Exercise data Block Start

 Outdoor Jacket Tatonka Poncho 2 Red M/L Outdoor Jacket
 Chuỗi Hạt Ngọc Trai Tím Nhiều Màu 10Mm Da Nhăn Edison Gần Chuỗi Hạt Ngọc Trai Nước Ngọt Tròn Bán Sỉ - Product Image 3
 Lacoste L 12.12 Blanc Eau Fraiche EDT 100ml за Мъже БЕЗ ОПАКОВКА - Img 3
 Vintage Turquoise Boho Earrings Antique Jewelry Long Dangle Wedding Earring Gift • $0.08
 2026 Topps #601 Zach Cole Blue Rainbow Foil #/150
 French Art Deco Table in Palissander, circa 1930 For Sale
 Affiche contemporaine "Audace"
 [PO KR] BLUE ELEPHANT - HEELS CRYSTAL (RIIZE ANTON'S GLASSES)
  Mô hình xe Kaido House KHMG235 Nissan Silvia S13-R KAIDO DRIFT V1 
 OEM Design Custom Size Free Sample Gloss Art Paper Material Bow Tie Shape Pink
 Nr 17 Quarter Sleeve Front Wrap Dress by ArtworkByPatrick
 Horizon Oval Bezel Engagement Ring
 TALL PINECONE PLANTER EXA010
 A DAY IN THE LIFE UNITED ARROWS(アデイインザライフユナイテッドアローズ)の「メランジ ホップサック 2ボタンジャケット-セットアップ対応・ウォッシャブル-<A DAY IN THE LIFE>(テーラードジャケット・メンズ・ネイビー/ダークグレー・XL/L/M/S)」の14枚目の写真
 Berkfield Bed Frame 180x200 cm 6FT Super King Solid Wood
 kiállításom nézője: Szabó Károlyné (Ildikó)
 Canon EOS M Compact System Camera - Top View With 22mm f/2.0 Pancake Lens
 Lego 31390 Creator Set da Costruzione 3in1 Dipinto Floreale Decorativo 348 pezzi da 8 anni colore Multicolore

Exercise data Block End

_Your task_
Would you please transcribe all of the entries above exactly?

_Response_
 Outdoor Jacket Tatonka Poncho 2 Red M/L Outdoor Jacket
 Chuỗi Hạt Ngọc Trai Tím Nhiều Màu 10Mm Da Nhăn Edison Gần Chuỗi Hạt Ngọc Trai Nước Ngọt Tròn Bán Sỉ - Product Image 3
 Lacoste L 12.12 Blanc Eau Fraiche EDT 100ml за Мъже БЕЗ ОПАКОВКА - Img 3
 Vintage Turquoise Boho Earrings Antique Jewelry Long Dangle Wedding Earring Gift • $0.08
 2026 Topps #601 Zach Cole Blue Rainbow Foil #/150
 French Art Deco Table in Palissander, circa 1930 For Sale
 Affiche contemporaine "Audace"
 [PO KR] BLUE ELEPHANT - HEELS CRYSTAL (RIIZE ANTON'S GLASSES)
  Mô hình xe Kaido House KHMG235 Nissan Silvia S13-R KAIDO DRIFT V1 
 OEM Design Custom Size Free Sample Gloss Art Paper Material Bow Tie Shape Pink
 Nr 17 Quarter Sleeve Front Wrap Dress by ArtworkByPatrick
 Horizon Oval Bezel Engagement Ring
 TALL PINECONE PLANTER EXA010
 A DAY IN THE LIFE UNITED ARROWS(アデイインザライフユナイテッドアローズ)の「メランジ ホップサック 2ボタンジャケット-セットアップ対応・ウォッシャブル-<A DAY IN THE LIFE>(テーラードジャケット・メンズ・ネイビー/ダークグレー・XL/L/M/S)」の14枚目の写真
 Berkfield Bed Frame 180x200 cm 6FT Super King Solid Wood
 kiállításom nézője: Szabó Károlyné (Ildikó)
 Canon EOS M Compact System Camera - Top View With 22mm f/2.0 Pancake Lens
 Lego 31390 Creator Set da Costruzione 3in1 Dipinto Floreale Decorativo 348 pezzi da 8 anni colore Multicolore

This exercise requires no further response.